Capital controls to drag on China outbound M&A, PwC says
Funding demand from infrastructure projects across the One Belt One Road countries remains strong
New regulation and capital controls will act as a drag on China’s outbound mergers and acquisitions this year, according to a report from accounting and advisory firm PwC.
Given that outbound M&A involving Chinese companies reached US$220 billion last year — equivalent to more than 7% of China’s foreign currency reserves of about US$3 trillion — it is natural for Beijing to tighten policies related to capital outflows, Gabriel Wong, PwC’s head of China corporate finance, told reporters in Hong Kong on Wednesday.

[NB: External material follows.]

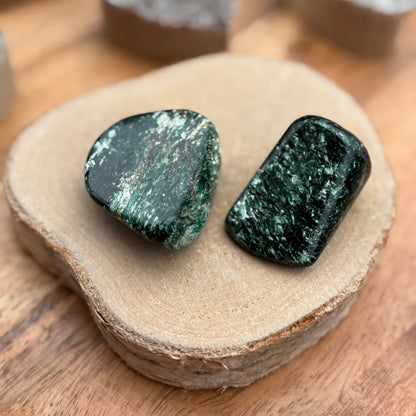 FUCHSIT Trommelstein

Last month, China’s foreign exchange reserves fell below the psychological level of US$3 trillion for the first time since February 2011.
Capital control measures should only be a short-term factor, however, because of the strong demand for funding from infrastructure projects across the One Belt One Road countries, Wong said.
“Outbound investments that dovetail with strategic objectives will be encouraged,” he said.
A number of Belt and Road countries are lagging behind in the density of their rail networks, and some have incentives to integrate their large territories through rail with China, Wong said. Countries such as Russia, Kazakhstan and Mongolia that are located in Belt and Road corridors will see a ramp-up in projects, he said.
Investments in power utilities in a number of middle-income Belt and Road countries such as Indonesia, Myanmar, Sri Lanka and Iraq are expected to grow significantly this year, while aging populations, high fertility rates and insufficient hospital capacity will spur healthcare investments, he added.
The value of projects and deals across the Belt and Road region amounted to US$493 billion last year, down 14% from a record US$573 billion in 2015, according to the PwC report.
The decline was mainly due to a 49% drop in the value of deals to US$92.5 billion from US$180.2 billion a year earlier.
“We saw a 4.6% GDP growth across the Belt and Road region last year, compared with the emerging markets average of 3.6%,” said Simon Booker, a partner in the firm’s Hong Kong corporate finance division.
The value of invested projects across the Belt and Road region has been growing at a compound annual growth rate of 33% since 2013, he said. “This growth is evident in all the core infrastructure sectors studied.”